=== Section Start ===
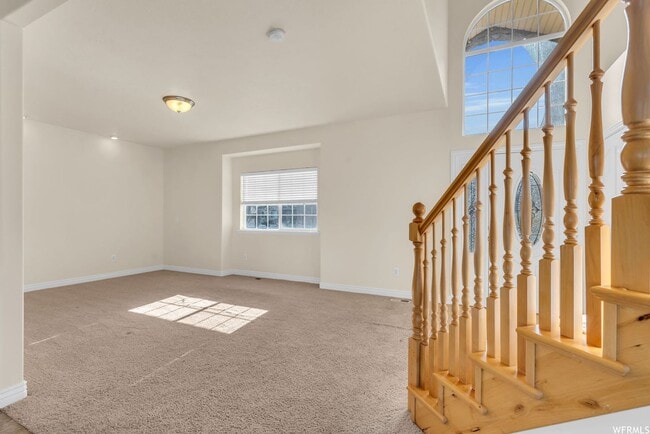 Building Photo - AMAZING 2 STORY HOME w/ 4 CAR GARAGE!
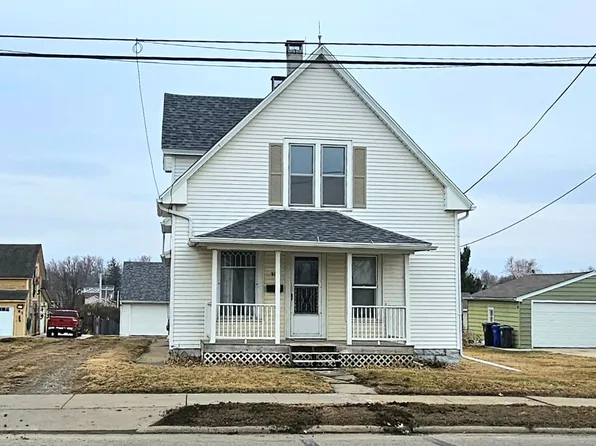 91 Wilson Ave SW, Cedar Rapids, IA 52404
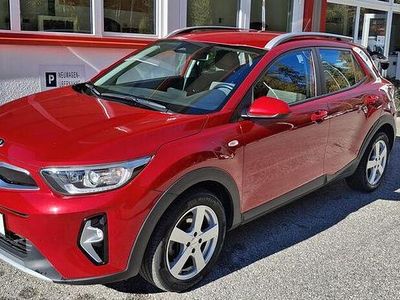 Gebraucht Kia Stonic Silver 99 PS (72 kW) 2021 SUV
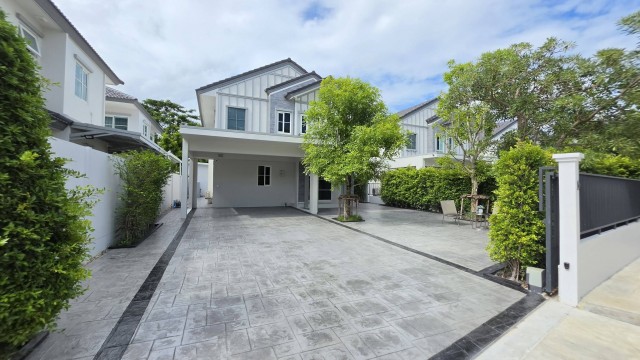 BH4240 ให้เช่าบ้านเดี่ยว Villaggio 3 ศรีนครินทร์ บางนา บ้านใหม่ไม่เคยเข้าอยู่ 3 ห้องนอน เฟอร์นิเจอร์ครบ ใกล้ Mega Bangnaติดต่อ Agent คุณบัว (Bua)Tel: 093-646-4597&nbsp;LINE ID: Bua093ค่าเช่า 70,000 บาทต่อเดือนให้เช่าบ้านเดี่ยวโครงการ Villaggio 3 ศรีนครินทร์ บางนา บ้านใหม่ตกแต่งเสร็จ ไม่เคยเข้าอยู่ พร้อมเฟอร์นิเจอร์และเครื่องใช้ไฟฟ้าครบ ทำเลศักยภาพ เดินทางสะดวก เชื่อมต่อถนนบางนา กม.5 และ กม.7 ใกล้ Mega Bangna ทางด่วน และสนา�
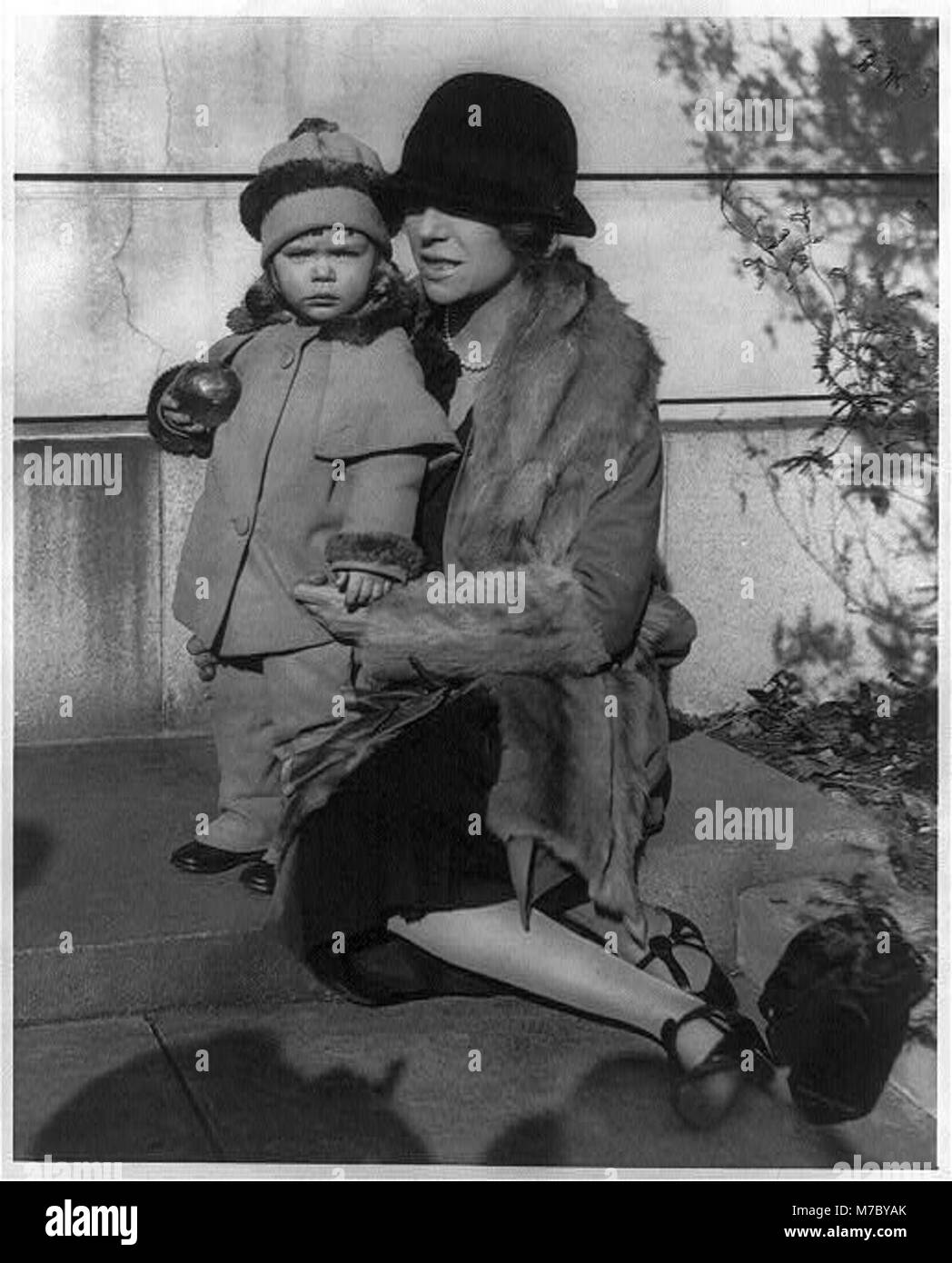 Alice (Roosevelt) Longworth, 1884- , ritratto a figura intera, per il suo 43° compleanno, seduto a passo con la sua bambina di due anni Paulyna, rivolto verso sinistra LCCN2005690019 Foto Stock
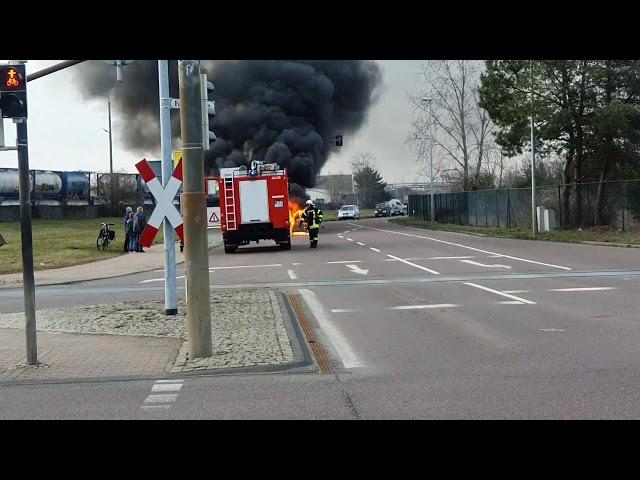 [PKW in Vollbrand] DS977 Sirenenalarm + TLF 16/25, LF 8/6 und MTW der FF Greppin auf Einsatzfahrt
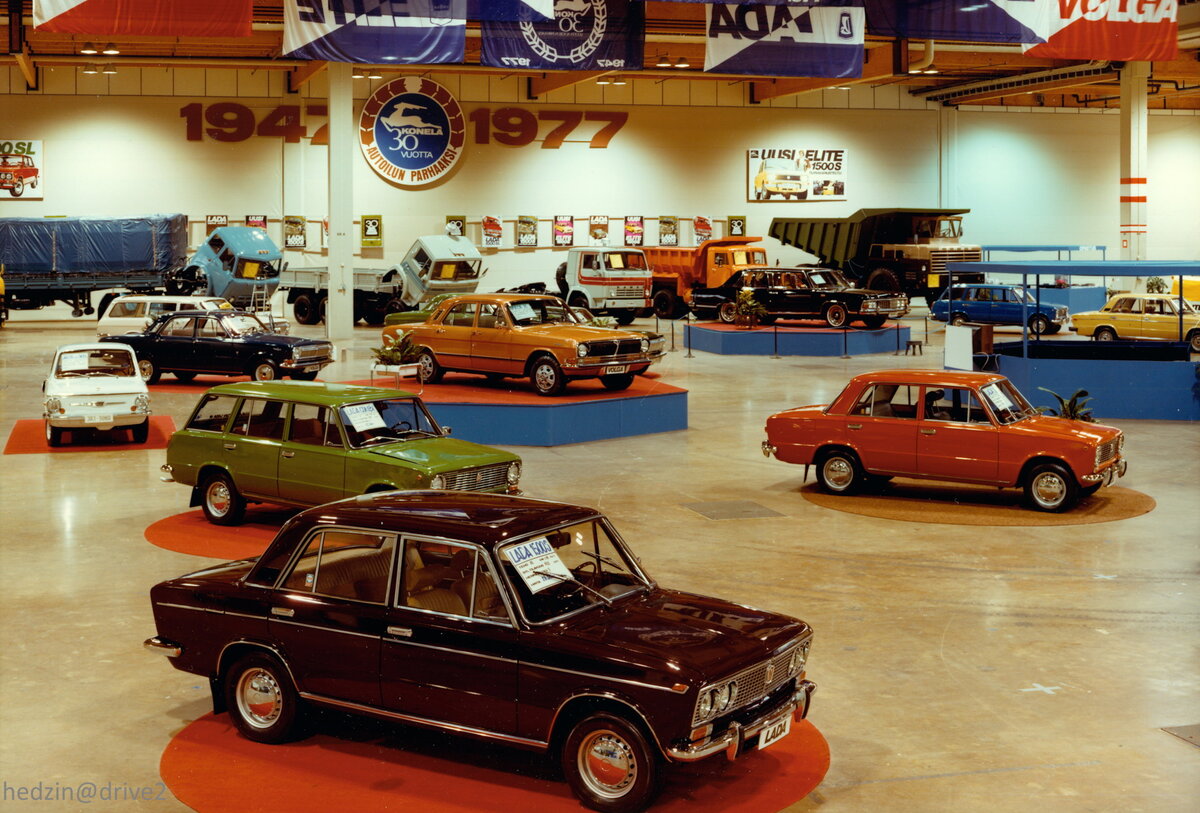 Пользователь сайта Drive2 опубликовал интересную подборку фотографий, сделанных на выставке советских автомобилей в Финляндии в 1977 году.-2
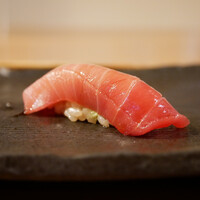 秀徳 2号店 - 中トロ
                    フォルムから想像通りのしなやかな食感。
                    纏まるにつれて甘みと香りが高まり、一体感よく。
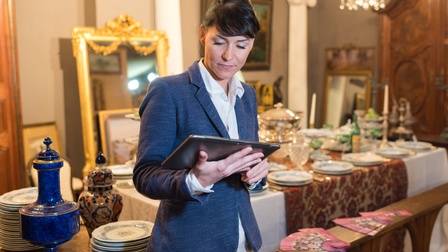 Person arbeitet in einem Antiquitätengeschäft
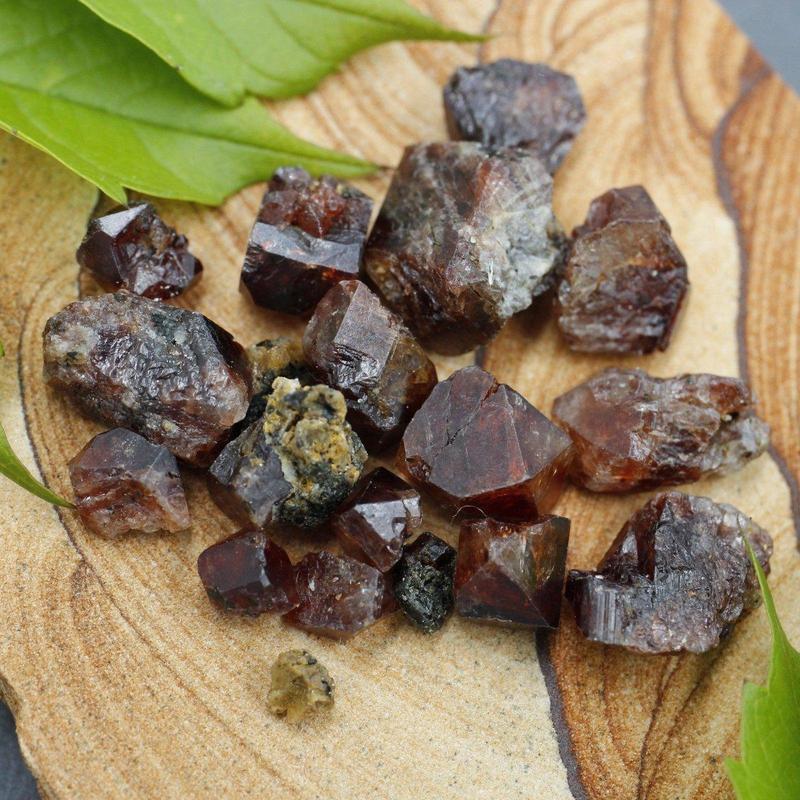 Natural Raw Red Zircon Specimens || 20 Gram Pack || Enlightenment, Mental Healing || Skerdo, Pakistan-Nature's Treasures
=== Section End ===
The problem: Could you print the listing above word for word, without its pictures?

Your response:
 Building Photo - AMAZING 2 STORY HOME w/ 4 CAR GARAGE!
 91 Wilson Ave SW, Cedar Rapids, IA 52404
 Gebraucht Kia Stonic Silver 99 PS (72 kW) 2021 SUV
 BH4240 ให้เช่าบ้านเดี่ยว Villaggio 3 ศรีนครินทร์ บางนา บ้านใหม่ไม่เคยเข้าอยู่ 3 ห้องนอน เฟอร์นิเจอร์ครบ ใกล้ Mega Bangnaติดต่อ Agent คุณบัว (Bua)Tel: 093-646-4597&nbsp;LINE ID: Bua093ค่าเช่า 70,000 บาทต่อเดือนให้เช่าบ้านเดี่ยวโครงการ Villaggio 3 ศรีนครินทร์ บางนา บ้านใหม่ตกแต่งเสร็จ ไม่เคยเข้าอยู่ พร้อมเฟอร์นิเจอร์และเครื่องใช้ไฟฟ้าครบ ทำเลศักยภาพ เดินทางสะดวก เชื่อมต่อถนนบางนา กม.5 และ กม.7 ใกล้ Mega Bangna ทางด่วน และสนา�
 Alice (Roosevelt) Longworth, 1884- , ritratto a figura intera, per il suo 43° compleanno, seduto a passo con la sua bambina di due anni Paulyna, rivolto verso sinistra LCCN2005690019 Foto Stock
 [PKW in Vollbrand] DS977 Sirenenalarm + TLF 16/25, LF 8/6 und MTW der FF Greppin auf Einsatzfahrt
 Пользователь сайта Drive2 опубликовал интересную подборку фотографий, сделанных на выставке советских автомобилей в Финляндии в 1977 году.-2
 秀徳 2号店 - 中トロ
                    フォルムから想像通りのしなやかな食感。
                    纏まるにつれて甘みと香りが高まり、一体感よく。
 Person arbeitet in einem Antiquitätengeschäft
 Natural Raw Red Zircon Specimens || 20 Gram Pack || Enlightenment, Mental Healing || Skerdo, Pakistan-Nature's Treasures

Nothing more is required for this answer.